If software from a completely different area includes all or some of those features, this software can be considered to have job scheduling capabilities.

Most operating systems, such as Unix and Windows, provide basic job scheduling capabilities, notably by at and batch, cron, and the Windows Task Scheduler. Web hosting services provide job scheduling capabilities through a control panel or a webcron solution. Many programs such as DBMS, backup, ERPs, and BPM also include relevant job-scheduling capabilities. Operating system ("OS") or point program supplied job-scheduling will not usually provide the ability to schedule beyond a single OS instance or outside the remit of the specific program. Organizations needing to automate unrelated IT workload may also leverage further advanced features from a job scheduler, such as:

real-time scheduling based on external, unpredictable events
automatic restart and recovery in event of failures
alerting and notification to operations personnel
generation of incident reports
audit trails for regulatory compliance purposes

These advanced capabilities can be written by in-house developers but are more often provided by suppliers who specialize in systems-management software.

Main concepts

There are many concepts that are central to almost every job scheduler implementation and that are widely recognized with minimal variations: Jobs, Dependencies, Job Streams, and Users.

Beyond the basic, single OS instance scheduling tools there are two major architectures that exist for Job Scheduling software.

Master/Agent architecture — the historic architecture for Job Scheduling software. The Job Scheduling software is installed on a single machine (Master), while on production machines only a very small component (Agent) is installed that awaits commands from the Master, executes them, then returns the exit code back to the Master.
Cooperative architecture — a decentralized model where each machine is capable of helping with scheduling and can offload locally scheduled jobs to other cooperating machines. This enables dynamic workload balancing to maximize hardware resource utilization and high availability to ensure service delivery.

History

Job Scheduling has a long history. Job Schedulers have been one of the major components of IT infrastructure since the early mainframe systems. At first, stacks of punched cards were processed one after the other, hence the term "batch processing".
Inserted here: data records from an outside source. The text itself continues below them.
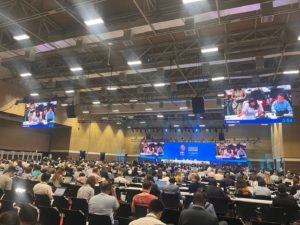 Room hosting the Working Group 2 meeting on Invasive Alien Species negotiation at COP16 in Cali, October 28th, 2024. The room is filled with delegates engaged in discussion, with a focus on the stage where the session is taking place.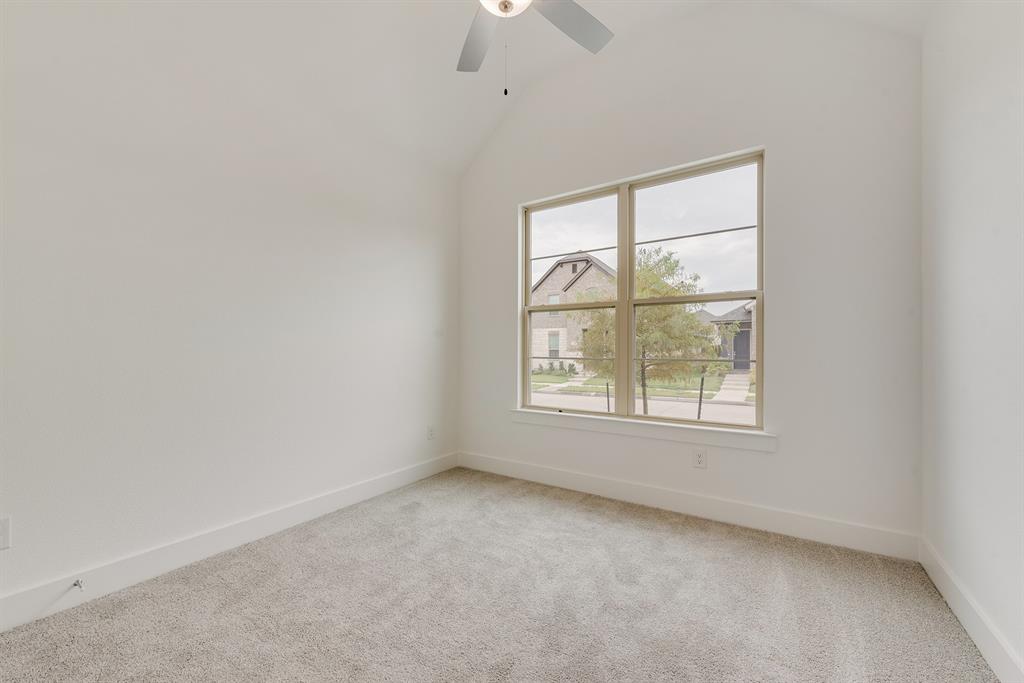 528 Embargo Drive Fate, TX 75189 - Photo 20 of 36 an empty room with a window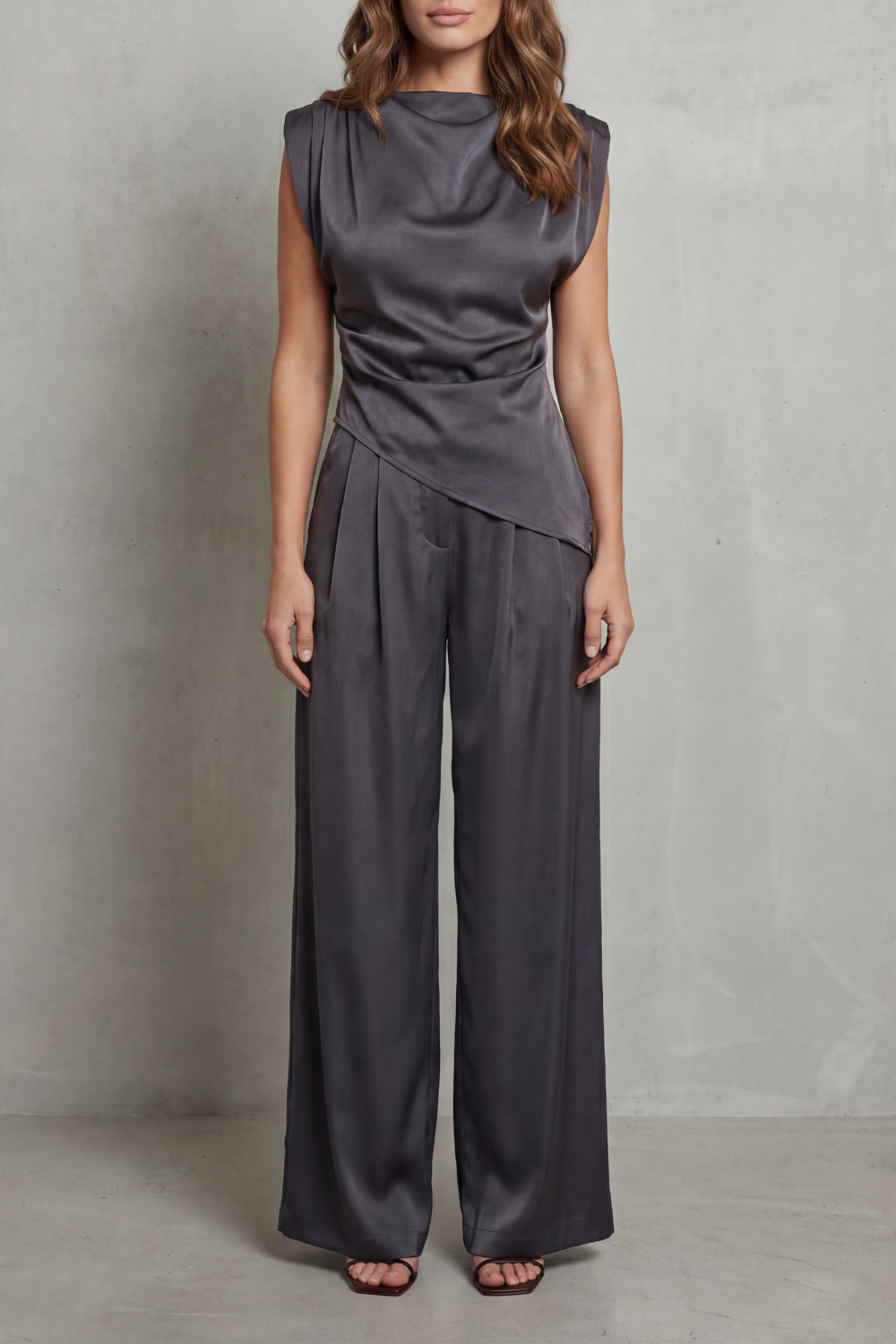 Women's sleeveless draped-waist top and wide-leg pants set, front view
From a historical point of view, we can distinguish two main eras about Job Schedulers:

The mainframe era
- Job Control Language (JCL) on IBM mainframes. Initially based on JCL functionality to handle dependencies, this era is typified by the development of sophisticated scheduling solutions (such as Job Entry Subsystem 2/3) forming part of the systems management and automation toolset on the mainframe.
The open systems era
- Modern schedulers on a variety of architectures and operating systems. With standard scheduling tools limited to commands such as at and batch, the need for mainframe standard job schedulers has grown with the increased adoption of distributed computing environments.

In terms of the type of scheduling there are also distinct eras:

Batch processing - the traditional date and time based execution of background tasks based on a defined period during which resources were available for batch processing (the batch window). In effect the original mainframe approach transposed onto the open systems environment.
Event-driven process automation - where background processes cannot be simply run at a defined time, either because the nature of the business demands that workload is based on the occurrence of external events (such as the arrival of an order from a customer or a stock update from a store branch), or because there is no / insufficient batch window.
Service Oriented job scheduling - recent developments in Service Oriented Architecture (SOA) have seen a move towards deploying job scheduling as a reusable IT infrastructure service that can play a role in the integration of existing business application workload with new Web Services based real-time applications.

Scheduling

Various schemes are used to decide which particular job to run. Parameters that might be considered include:

Job priority
Computer resource availability
License key if job is using licensed software
Execution time allocated to user
Number of simultaneous jobs allowed for a user
Estimated execution time
Elapsed execution time
Availability of peripheral devices
Occurrence of prescribed events
Job dependency
File dependency
Operator prompt dependency

Related Research Articles

A mainframe computer, informally called a mainframe or big iron, is a computer used primarily by large organizations for critical applications like bulk data processing for tasks such as censuses, industry and consumer statistics, enterprise resource planning, and large-scale transaction processing. A mainframe computer is large but not as large as a supercomputer and has more processing power than some other classes of computers, such as minicomputers, servers, workstations, and personal computers. Most large-scale computer-system architectures were established in the 1960s, but they continue to evolve. Mainframe computers are often used as servers.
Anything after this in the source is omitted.